From the entries, copy every line that carries the string "Case".
(INFORMATION GIVEN begins)
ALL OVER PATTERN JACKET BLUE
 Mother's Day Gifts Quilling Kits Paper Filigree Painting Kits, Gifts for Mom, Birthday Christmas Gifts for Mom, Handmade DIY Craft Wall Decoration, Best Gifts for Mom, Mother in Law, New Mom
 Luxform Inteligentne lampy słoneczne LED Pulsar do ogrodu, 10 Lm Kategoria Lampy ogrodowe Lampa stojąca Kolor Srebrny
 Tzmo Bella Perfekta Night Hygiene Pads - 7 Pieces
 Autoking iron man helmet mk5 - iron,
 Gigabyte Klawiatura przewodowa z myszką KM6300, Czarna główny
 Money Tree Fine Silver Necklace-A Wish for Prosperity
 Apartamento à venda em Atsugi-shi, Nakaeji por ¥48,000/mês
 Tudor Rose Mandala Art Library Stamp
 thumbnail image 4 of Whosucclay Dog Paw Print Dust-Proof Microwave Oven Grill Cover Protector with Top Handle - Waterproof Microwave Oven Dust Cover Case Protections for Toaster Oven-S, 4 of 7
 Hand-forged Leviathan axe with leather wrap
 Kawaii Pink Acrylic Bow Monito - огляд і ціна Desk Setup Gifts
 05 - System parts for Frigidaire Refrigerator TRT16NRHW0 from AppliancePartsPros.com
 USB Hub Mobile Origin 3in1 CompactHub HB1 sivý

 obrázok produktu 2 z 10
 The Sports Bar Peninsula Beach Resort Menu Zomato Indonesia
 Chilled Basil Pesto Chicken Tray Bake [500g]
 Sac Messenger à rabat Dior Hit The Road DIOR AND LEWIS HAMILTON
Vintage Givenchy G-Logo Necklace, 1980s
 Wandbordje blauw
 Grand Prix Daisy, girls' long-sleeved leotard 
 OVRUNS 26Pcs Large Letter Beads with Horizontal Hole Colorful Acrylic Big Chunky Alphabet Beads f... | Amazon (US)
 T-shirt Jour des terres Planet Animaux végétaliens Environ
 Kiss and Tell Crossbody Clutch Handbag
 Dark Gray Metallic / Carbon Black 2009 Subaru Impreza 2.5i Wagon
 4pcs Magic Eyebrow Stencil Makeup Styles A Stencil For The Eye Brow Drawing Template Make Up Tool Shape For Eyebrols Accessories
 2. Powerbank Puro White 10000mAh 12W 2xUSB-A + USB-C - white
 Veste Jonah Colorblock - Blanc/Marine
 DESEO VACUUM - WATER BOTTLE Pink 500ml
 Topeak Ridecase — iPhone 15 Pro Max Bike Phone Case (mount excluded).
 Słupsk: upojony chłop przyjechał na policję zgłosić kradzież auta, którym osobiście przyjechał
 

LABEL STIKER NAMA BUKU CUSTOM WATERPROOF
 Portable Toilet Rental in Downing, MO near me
(INFORMATION GIVEN ends)
TASK OUTPUT –
 thumbnail image 4 of Whosucclay Dog Paw Print Dust-Proof Microwave Oven Grill Cover Protector with Top Handle - Waterproof Microwave Oven Dust Cover Case Protections for Toaster Oven-S, 4 of 7
 Topeak Ridecase — iPhone 15 Pro Max Bike Phone Case (mount excluded).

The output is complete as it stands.